= Novorossiysk Republic =

Poster dedicated to the Republic of Novorossiya

 The Novorossiysk Republic (Новороссийская республика) was a short lived breakaway state that existed from 12 to 25 December 1905. This short lived republic was one of many that broke away from the Russian Empire during the 1905 Russian Revolution.

Earlier, in the latter half of the 19th century Novorossiysk developed rapidly from humble beginnings and a population of only 430 in 1866 it developed rapidly with the construction of the first factory in the city in 1882, and the connection of the city by rail in 1888. To give some perspective on the growth of Novorossiysk, between 1887 and 1940 the ports' total economic turnover increased by over 1.4 million tons.

By the time the 20th century came to be rebel movements were sparking all across the Black Sea region, including in Novorossiysk.
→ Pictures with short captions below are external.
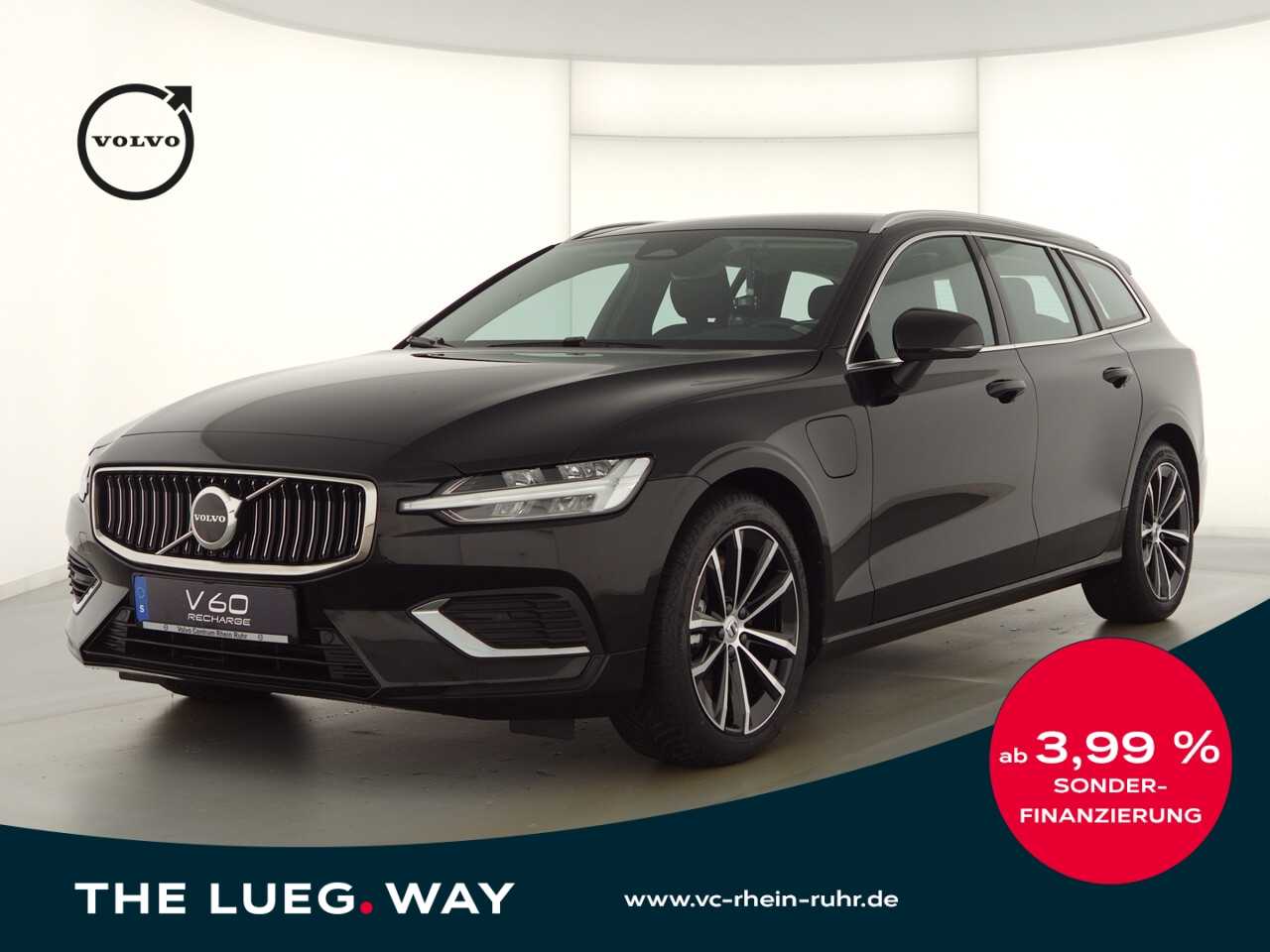 Volvo  V60 Recharge Essential, T6 AWD Plug-in Hybrid, Elektrisch/Benzin, Bright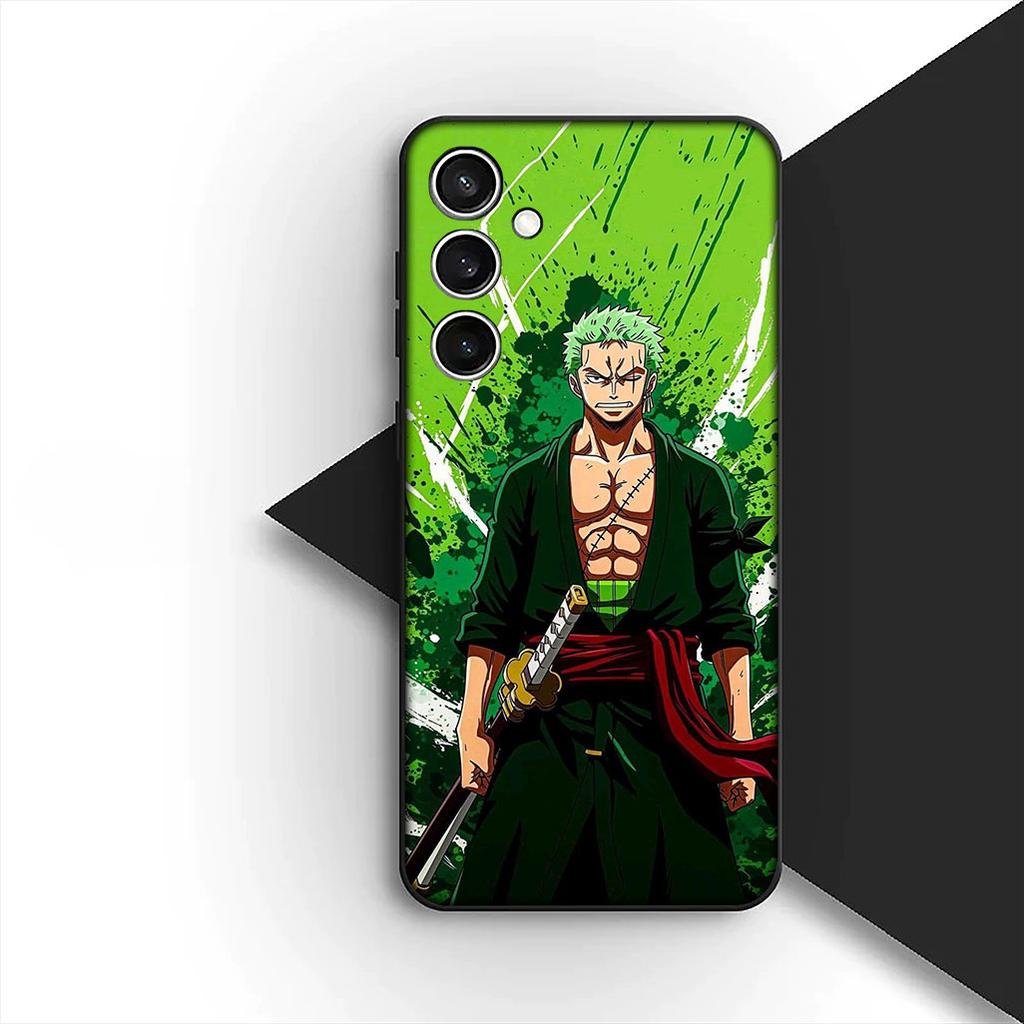 for Apple iPhone 16 14 15 Plus 11 Pro Max 16E ProMax + 16Plus 15+ 14+ Phone Cover Soft Case Ace One Pieces Luffy Roronoa Zoro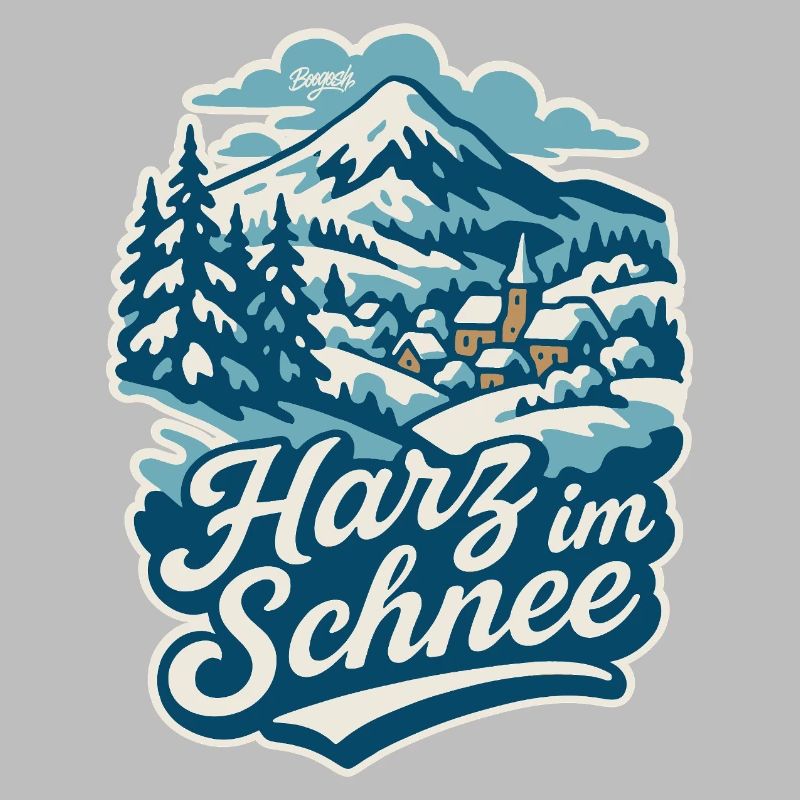 Harz in winter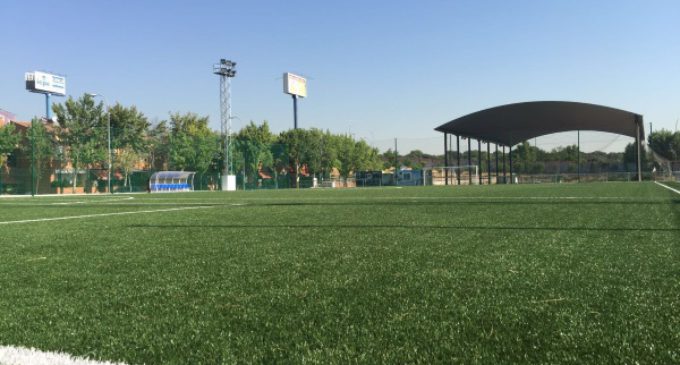 El Ayuntamiento de Majadahonda abre al público el nuevo campo de fútbol de “La Sacedilla”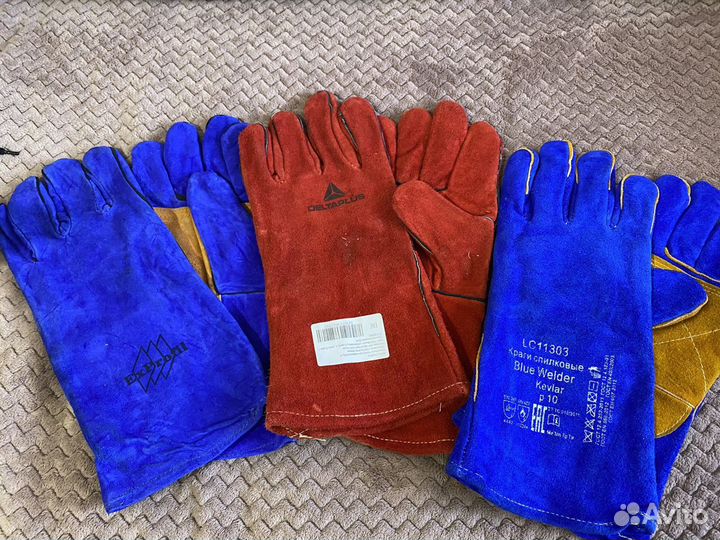 Краги сварочные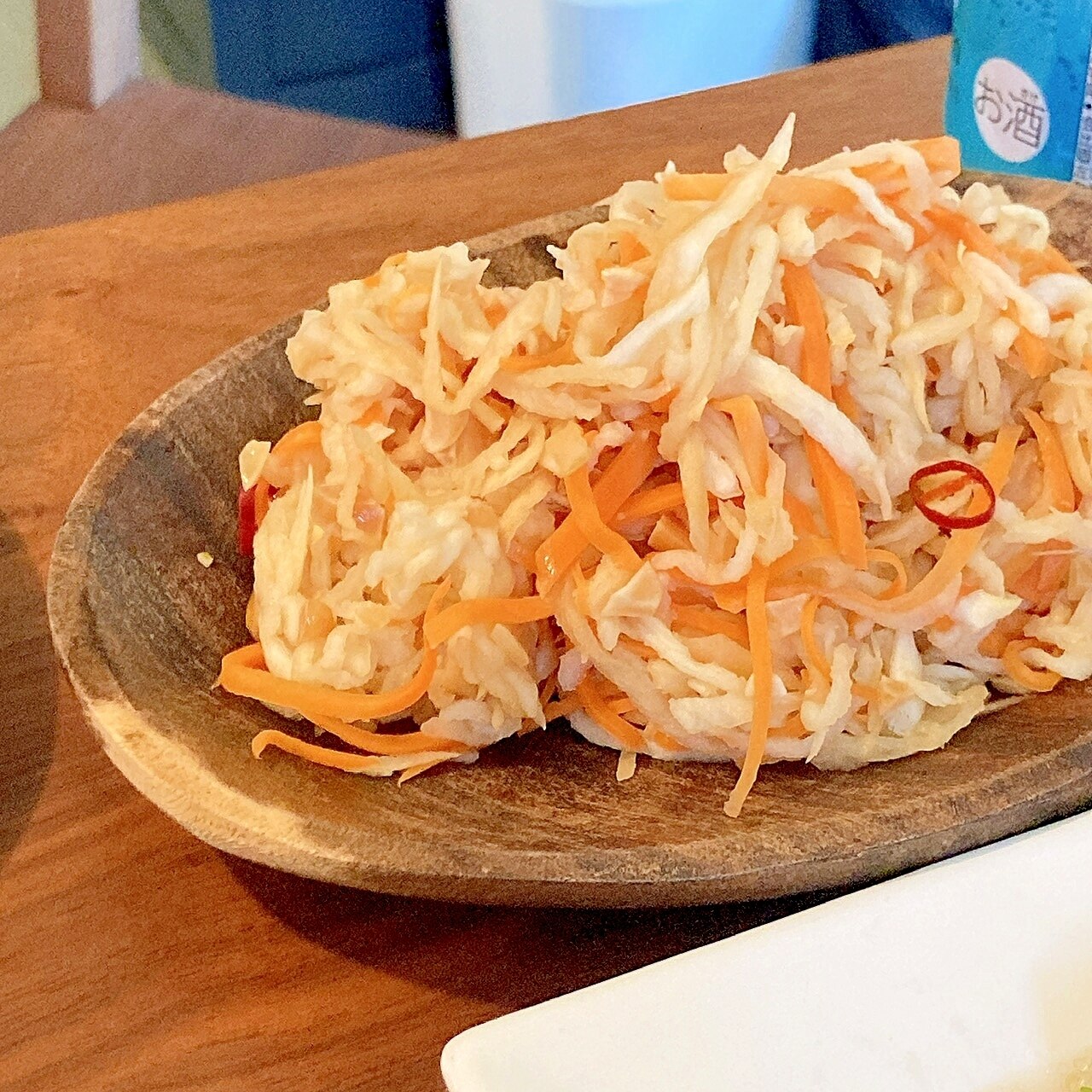 常備菜☆切り干し大根とにんじんのエスニックなます レシピ・作り方 by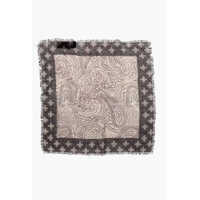 Esarfe Two-Tone Wool Pocket Square Barbati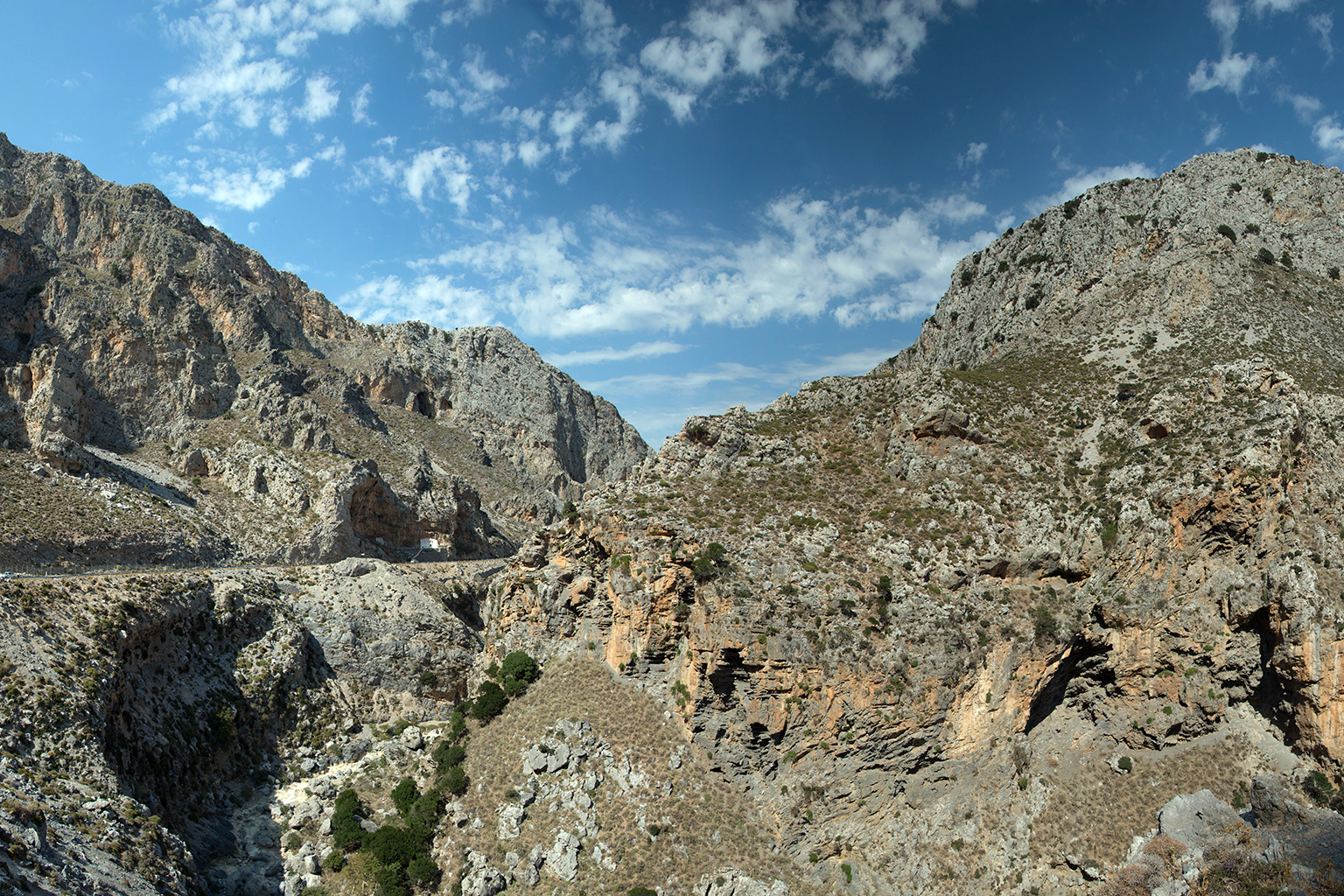 Kreta / Kourtalioti Canyon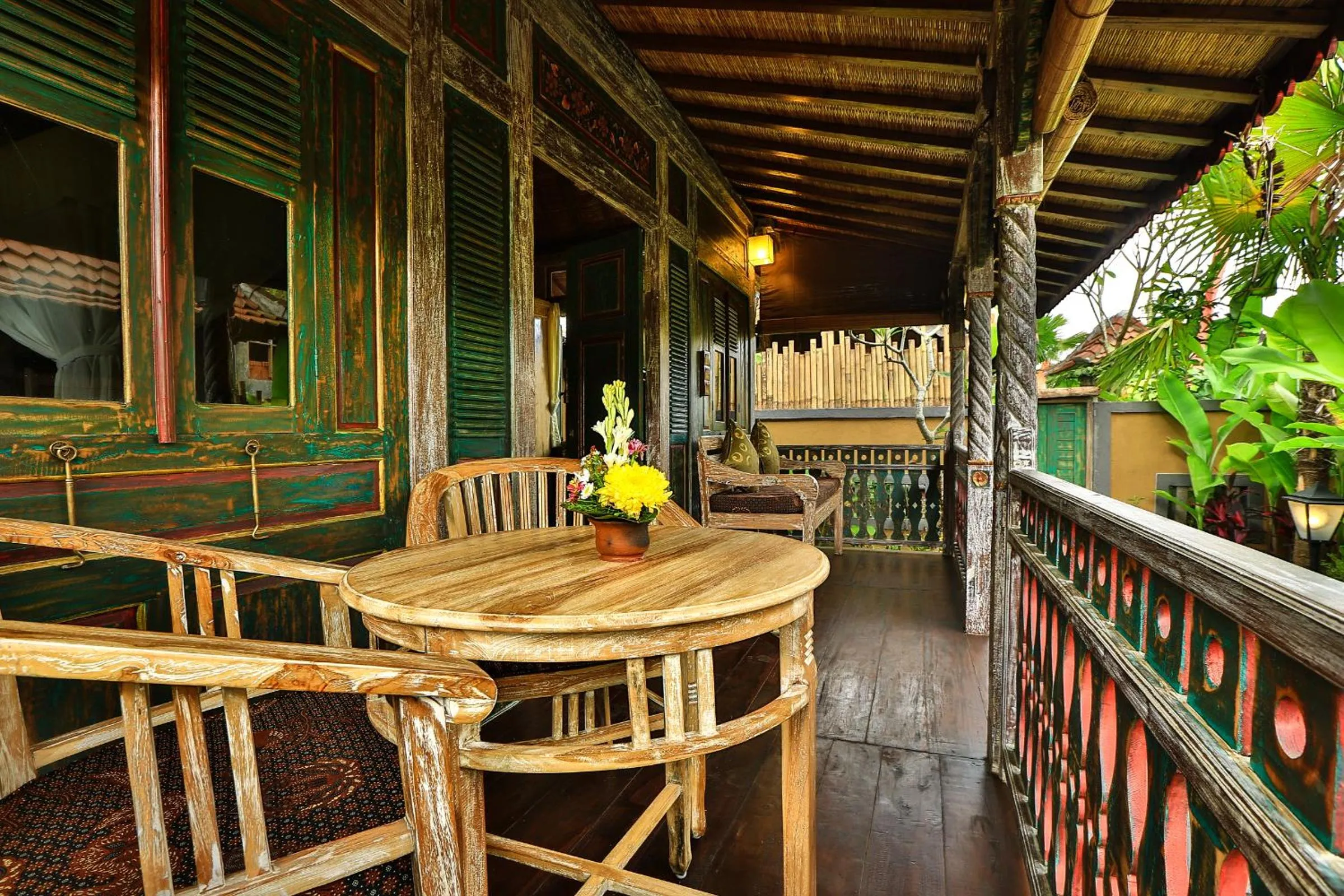 Balcony/Terrace in Villa Nini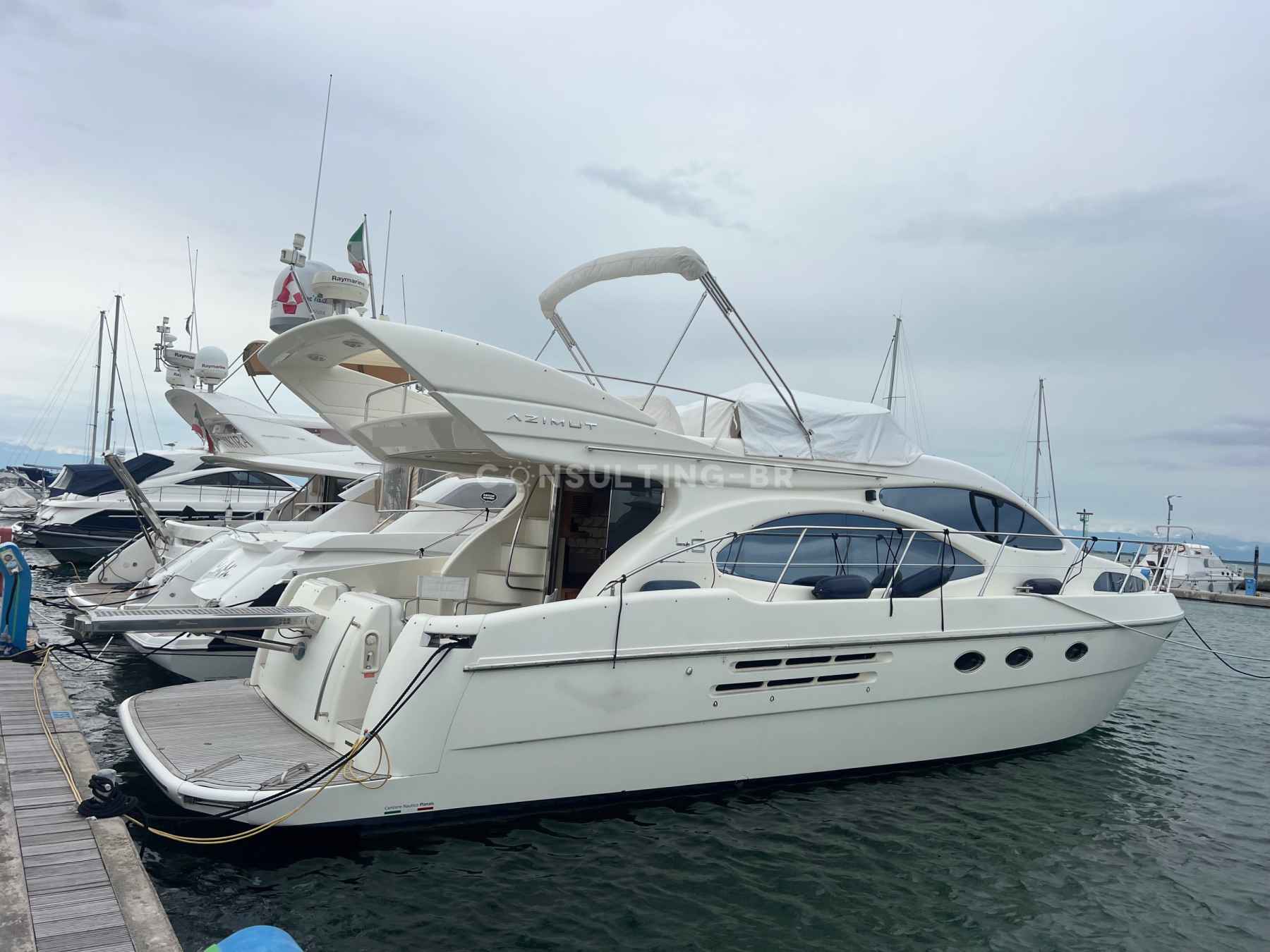 Motorboot Azimut 46 Fly Evolution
In 1902 the Novorossiysk Social Democratic Union is created. Across 1905 several strikes were organized in Novorossiysk, one in February, one in May, and another one in July. The most powerful uprising however came in December. On 8 December Bolshevik leaders in Novorossiysk proclaimed an armed uprising against the government of the Russian Empire. On 14 December the government introduced many new policies such as; an eight-hour work day, a new workers committee which would control the hiring and dismissing of workers, a new armed workers squad which took control of the railways and sea transport on behalf of the government, taxation of the rich, a new peoples court, and a new socialist newspaper of which four issues were published. On 24 December Tsarist forces were sent to Novorossiysk, in order to preserve the revolutionary forces the government offered no resistance and stopped operation on 25 December. The Novorossiysk socialist movement went underground as Tsarist forces entered the city, seven socialist officials from the republic were given death sentence (later spared and their punishment reduced to hard labor), and 13 others were assigned various forms of hard labor.